Until Tubbs shows up:
I needn’t lay out any particular item for Tubbs; he meanders into my yard, eats every drop of food, and sleeps next to the food bowl for however long this little glutton pleases. Since the food bowl is now empty, no other cats will come until Fatso leaves on his own. If I fill the food bowl while he’s in his food-coma, he’ll leave immediately and leave me one measly silver fish.

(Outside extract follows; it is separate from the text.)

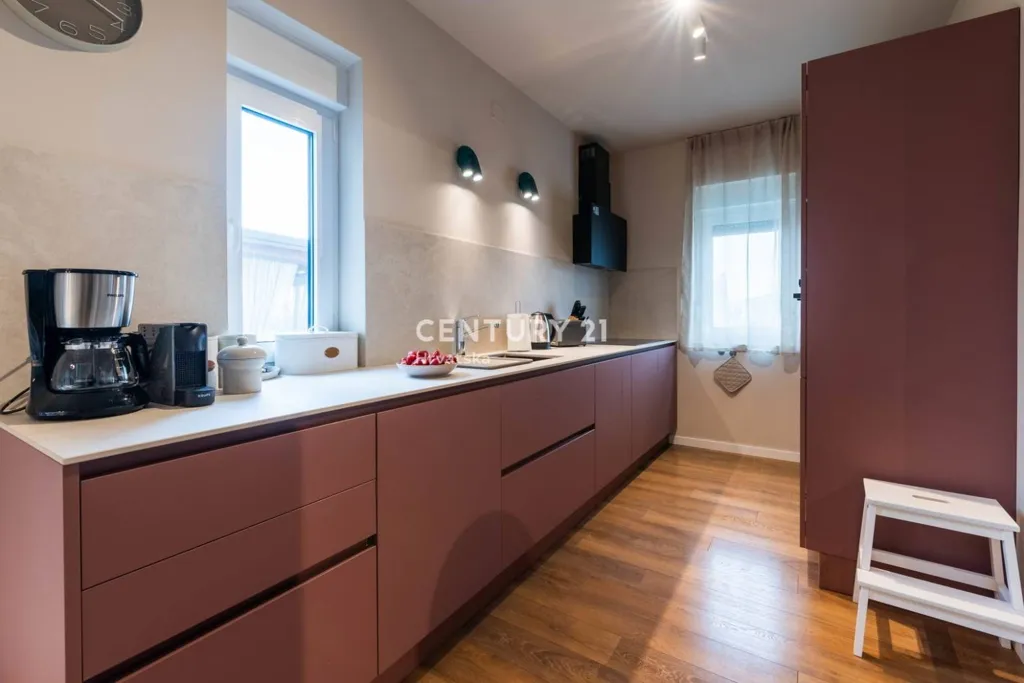 Köök - Apartment with Pool in Vabriga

On some days, Tubbs comes to visit me twice, some days thrice. Why, Tubbs? I work hard to keep my cat economy running smoothly. I go the extra mile to purchase special food for all the cats that stop by. But do you care? No, because the second you see that I’ve laid out a fresh plate of sashimi, you hone in on it like a starving vulture. You don’t want to share with the rest of the cats. You don’t care that a good deal of my income, which I use to purchase the food you probably swallowed without chewing, comes from said cats. You probably think, “Oh, if I eat it all and leave, she’ll just put out more for me to eat later!” That’s not how this works! I don’t dedicate more time than I probably should to this stupid little phone app just so I can funnel expensive cat food down your enormous laundry chute of an esophagus. When I open up to my yard after having just gotten out of class to find your selfish lump of a body soundly asleep at the food bowl, the first words to escape my mouth as, “God damn it, again?!” And it’s even more salt in the wound when you’re the only one in the yard!
But then, I think of how this situation would play out if it were in real life; if I were to dedicate my life to attracting the neighborhood cats with toys and food in my own backyard. Amidst my joy of seeing happy cats come and go as they please, I would walk out into my yard to find this huge, fluffy white cat as wide as Montana soundly asleep next to an empty food bowl. The animal lover in me simply cannot express dislike for you. The instant I’d see a proud and content smile on your stupid little face, my heart would melt, forgetting just how much food you might have scarfed down. To put it simply, if you’re happy, then so am I.
And in the end, when you do finally wake up and decide that there’s nothing left for you to do in my yard, you’ll leave me a huge chunk of money -- enough to buy ten times what you just ate! So you know what? We’re cool, buddy. Just don’t come back too often, or you’ll most definitely ruin me financially.